Try it:
Find the line with "Hobbyhorse (Saddle Club, No." and the line with "Crenguta-de-mur si maggie. O zi cu zapada" in the entries below; output exactly those two lines, every line between them, and no others.

Working data:
^^^^^^^^

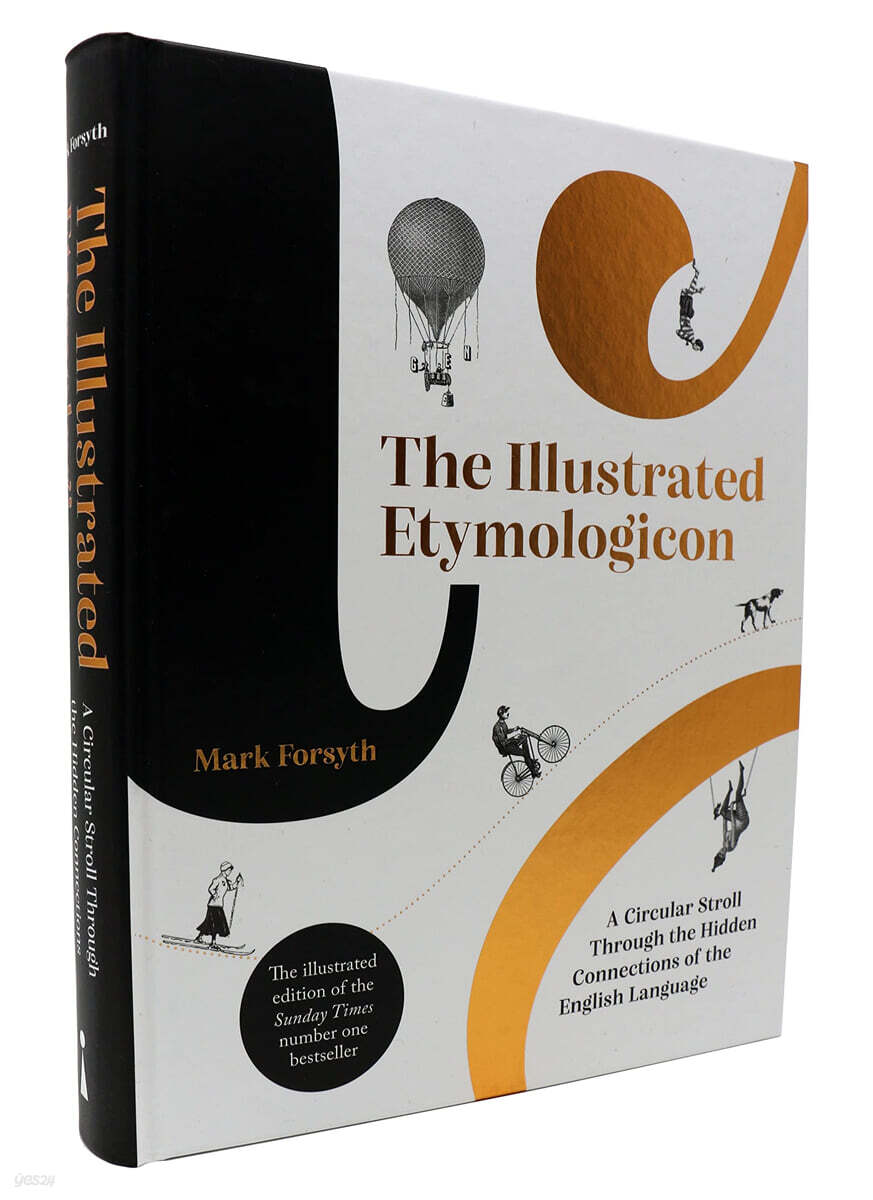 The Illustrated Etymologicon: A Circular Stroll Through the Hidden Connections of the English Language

^^^^^^^^

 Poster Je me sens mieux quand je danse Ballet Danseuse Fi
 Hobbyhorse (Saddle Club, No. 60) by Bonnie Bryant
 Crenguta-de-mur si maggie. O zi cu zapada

^^^^^^^^

Reply:
 Hobbyhorse (Saddle Club, No. 60) by Bonnie Bryant
 Crenguta-de-mur si maggie. O zi cu zapada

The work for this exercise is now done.